BANGKOK – In the 1980s, Thailand’s military-backed government oversaw a growth miracle, spurred by the development of heavy industry and Japanese investment. The generals who seized power in a military coup in May are staking their legitimacy on a similar renaissance—but they face a more complex economic backdrop.
Since the coup, the junta has made economic matters its priority. It has paid almost $3 billion in delayed subsidies to farmers. The generals have cleared around a third of a $22 billion backlog in investment projects. And they have announced plans to spend $75 billion over eight years to improve transport infrastructure, linking Thailand with China.
Their goal is to arrest a slump that has made Thailand one of Asia’s worst-performing economies this year.
As a model, they are looking to the government of Prem Tinsulanonda, a former army commander who led Thailand as prime minister in the 1980s, backed by a cohort of technocrats.
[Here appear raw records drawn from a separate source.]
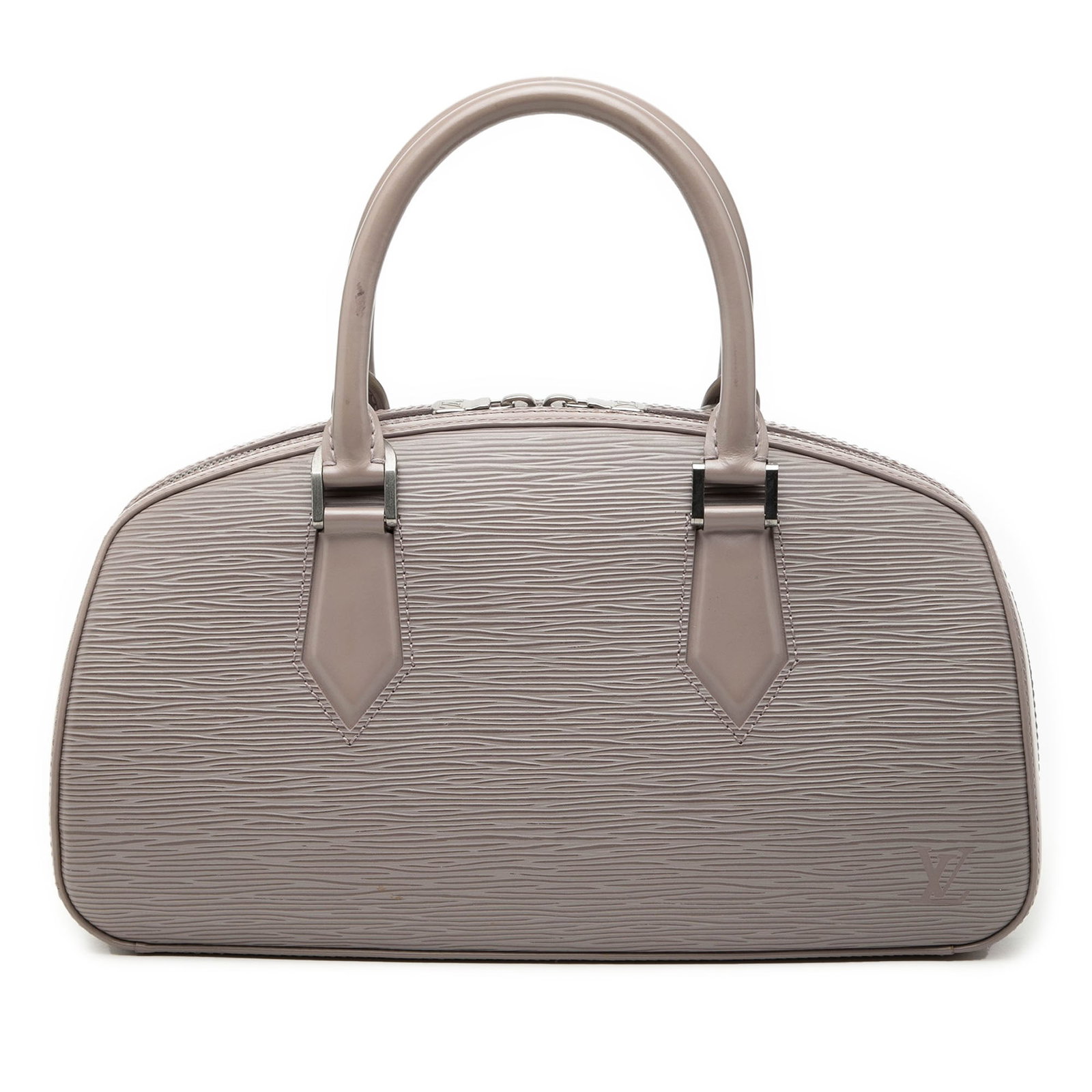 Louis Vuitton Epi Jasmine Purple Leather Bag: Louis Vuitton Epi Jasmine Purple Leather Bag This Louis Vuitton Epi Jasmine bag features a durable epi leather body in a striking purple color, complemented by rolled leather handles and a top zip clo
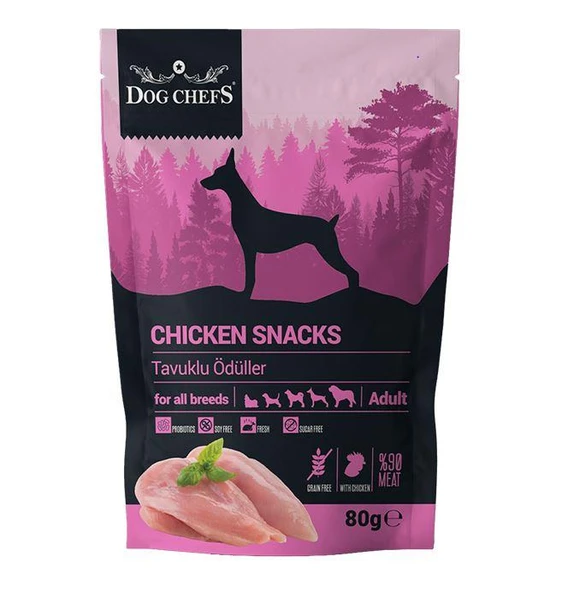Dog Chefs Chicken Snacks 80 gr (Tavuk Etli Köpek Ödülü) ürün görseli 1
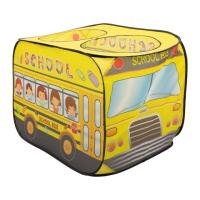 Детская игровая палатка «Школьный автобус» 110×70×66 см палатка для детей Желтая HP-S-5NDY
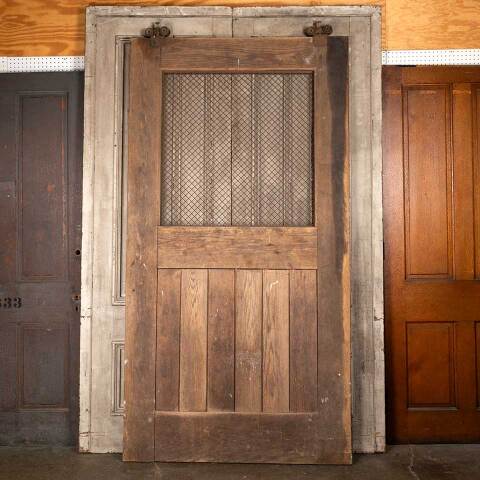 #50382 52x99 Darby Dan Farm Oak Horse Stall Door image 6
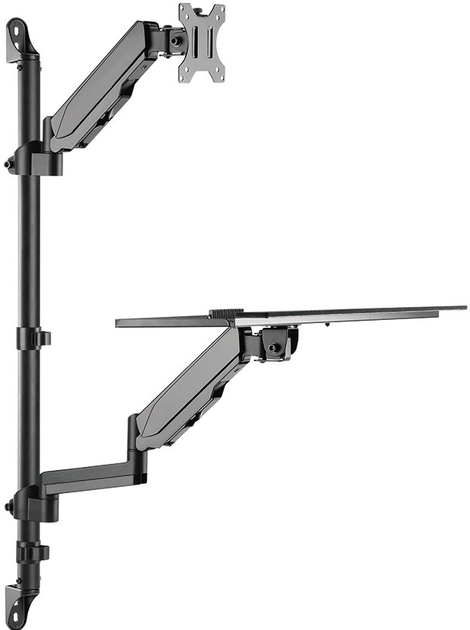 Настінний кронштейн Neomounts WL90-325BL1 Black - зображення 4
Gen. Prem, who at 93 years old still wields clout in the military, leveraged Japanese government loans to build roads, rail and industrial parks along Thailand’s eastern seaboard.
A petrochemical industry flourished and the economy was growing by double digits at the end of the decade. Foreign auto makers began to set up in Thailand, turning the nation into the “Detroit of the East.”
“The aim is to get back to the good old days of 1980 to 1988, when technocrats ran the country. There’s a belief, there’ll be government investment-led growth,” said Supavud Saicheua, an economist at Phatra Securities, a Thai stock brokerage.
But it was easier then. Thailand was an impoverished, rural economy, and the government made rapid gains through state spending that encouraged people to move from fields to factories. Southeast Asia was peaceful after years of conflict. Foreign investment poured into Thailand, especially from Japan, whose companies were looking for cheaper production bases.